→ **Your assignment**
Write out the records once more, exactly, and keep any image out.

→ **The input**
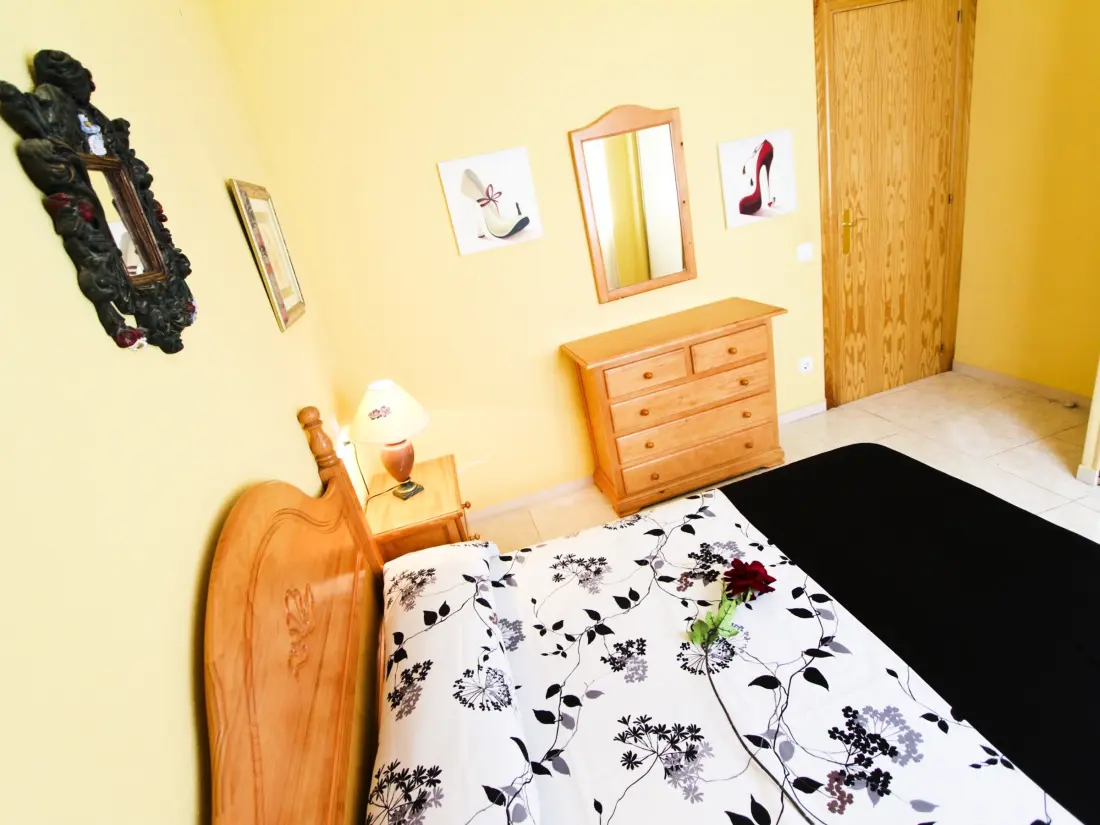 Location de Vacances La Pineda 150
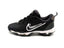 Nike Force Trout 9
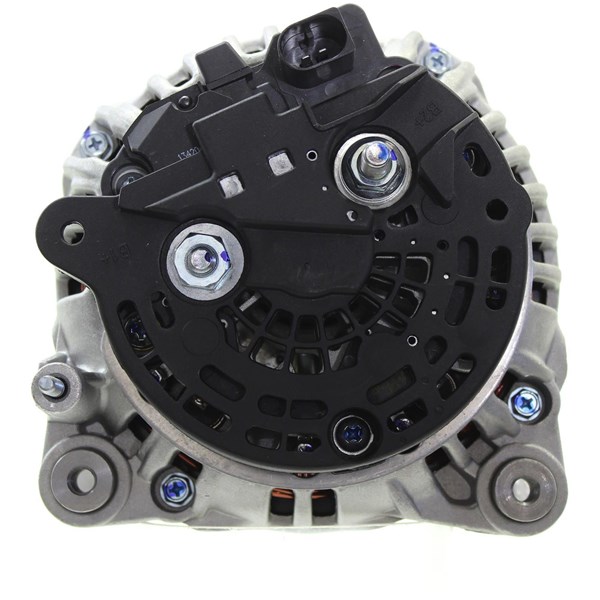 Generator 12V 180A Alanko 10444589 ALANKO
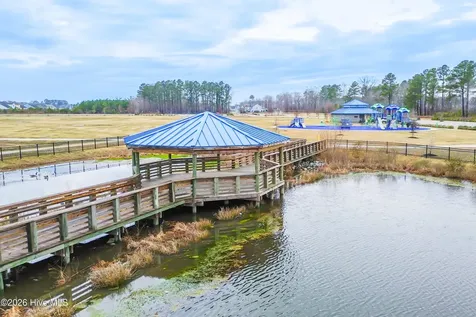 116 Parrish Point Lane Moyock NC 27958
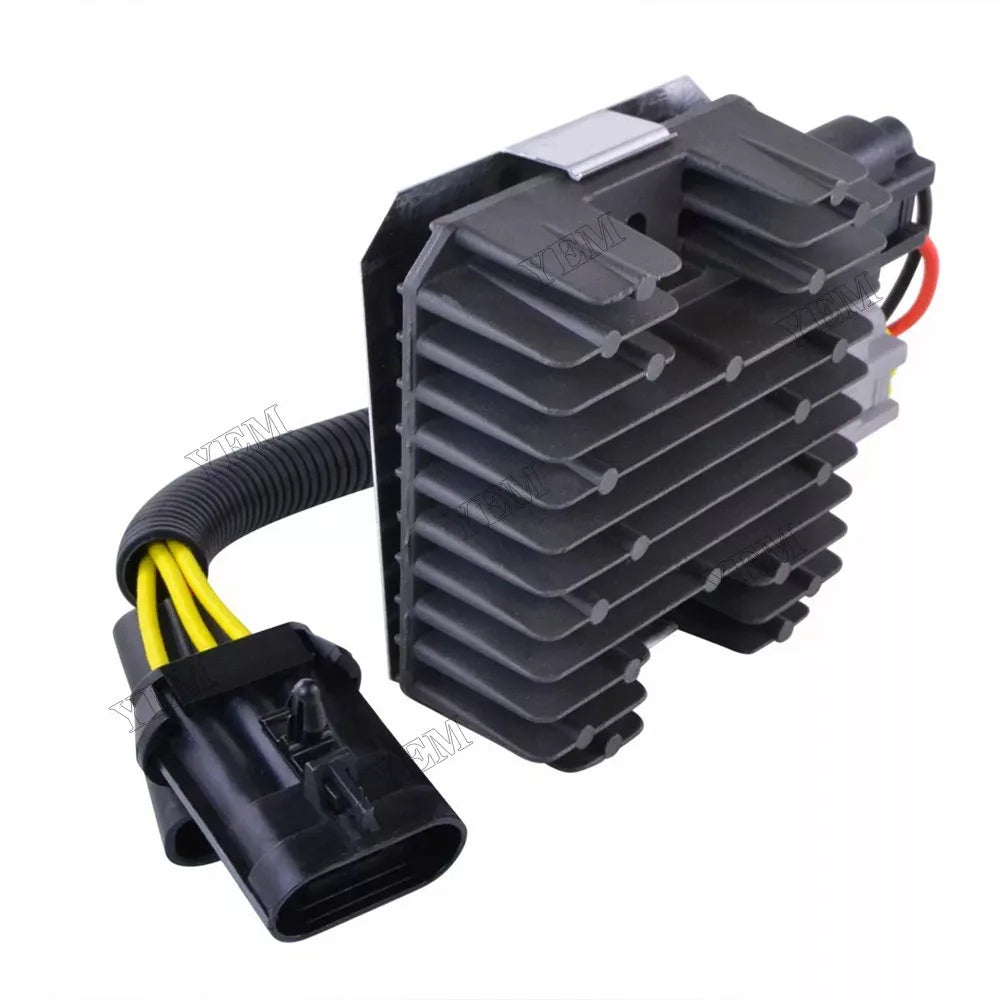 For 2013-2022 Polaris RZR 1000 XP4 Rectifier Ranger Sportsman Voltage Regulator Kit 2206367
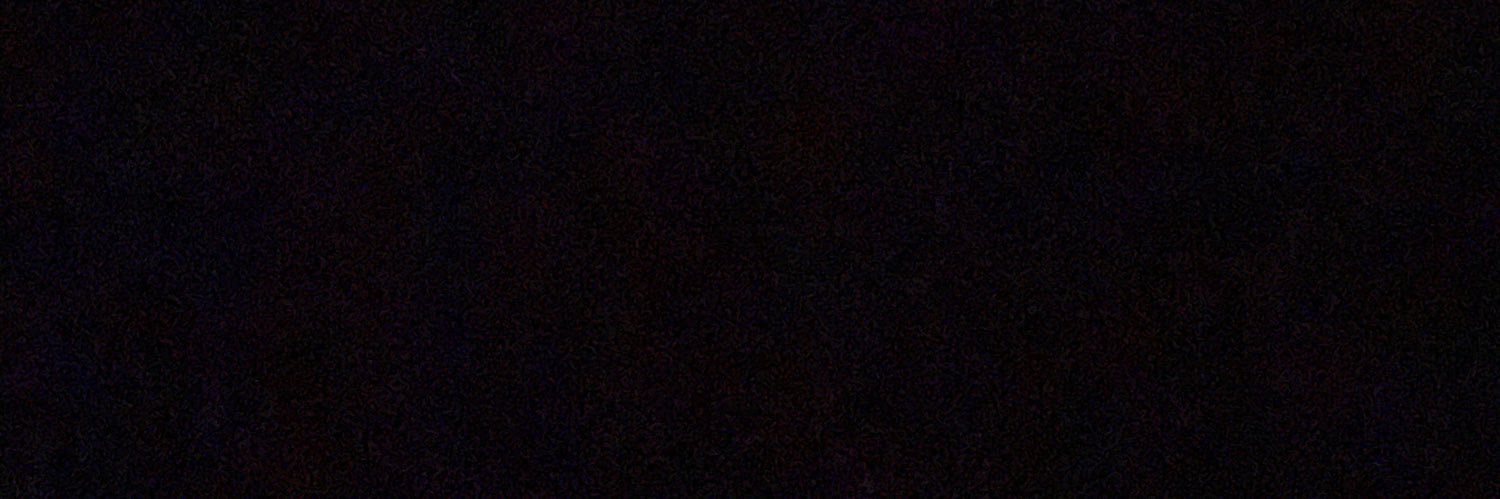 Cynthia_Lbs's profile banner image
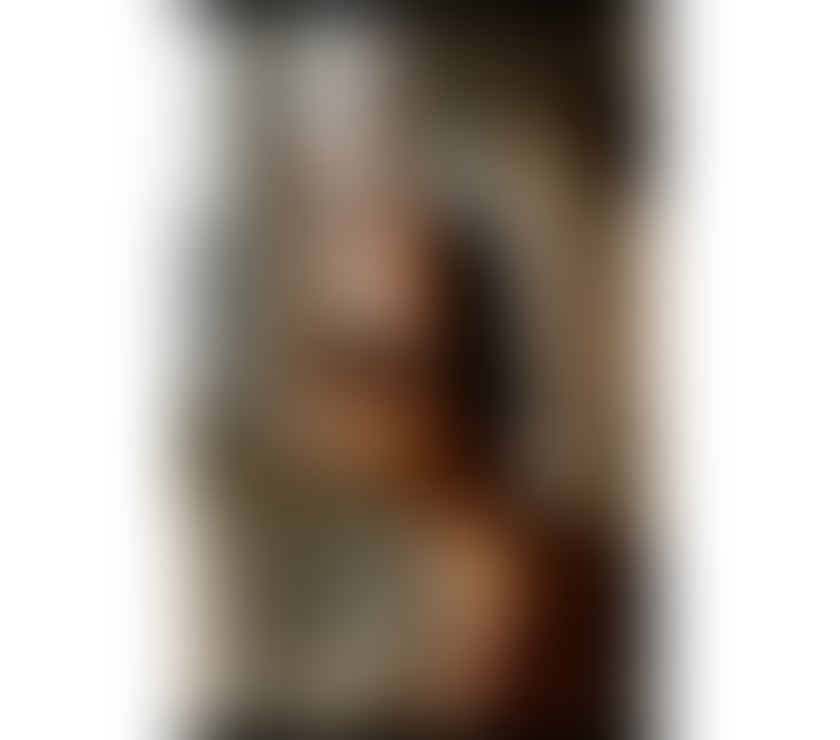 Escorts Cambridgeshire Cambridge - Photos for Brazilian delicious brunette 💛💛💛🧡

→ **Solution to this exercise**
 Location de Vacances La Pineda 150
 Nike Force Trout 9
 Generator 12V 180A Alanko 10444589 ALANKO
 116 Parrish Point Lane Moyock NC 27958
 For 2013-2022 Polaris RZR 1000 XP4 Rectifier Ranger Sportsman Voltage Regulator Kit 2206367
 Cynthia_Lbs's profile banner image
 Escorts Cambridgeshire Cambridge - Photos for Brazilian delicious brunette 💛💛💛🧡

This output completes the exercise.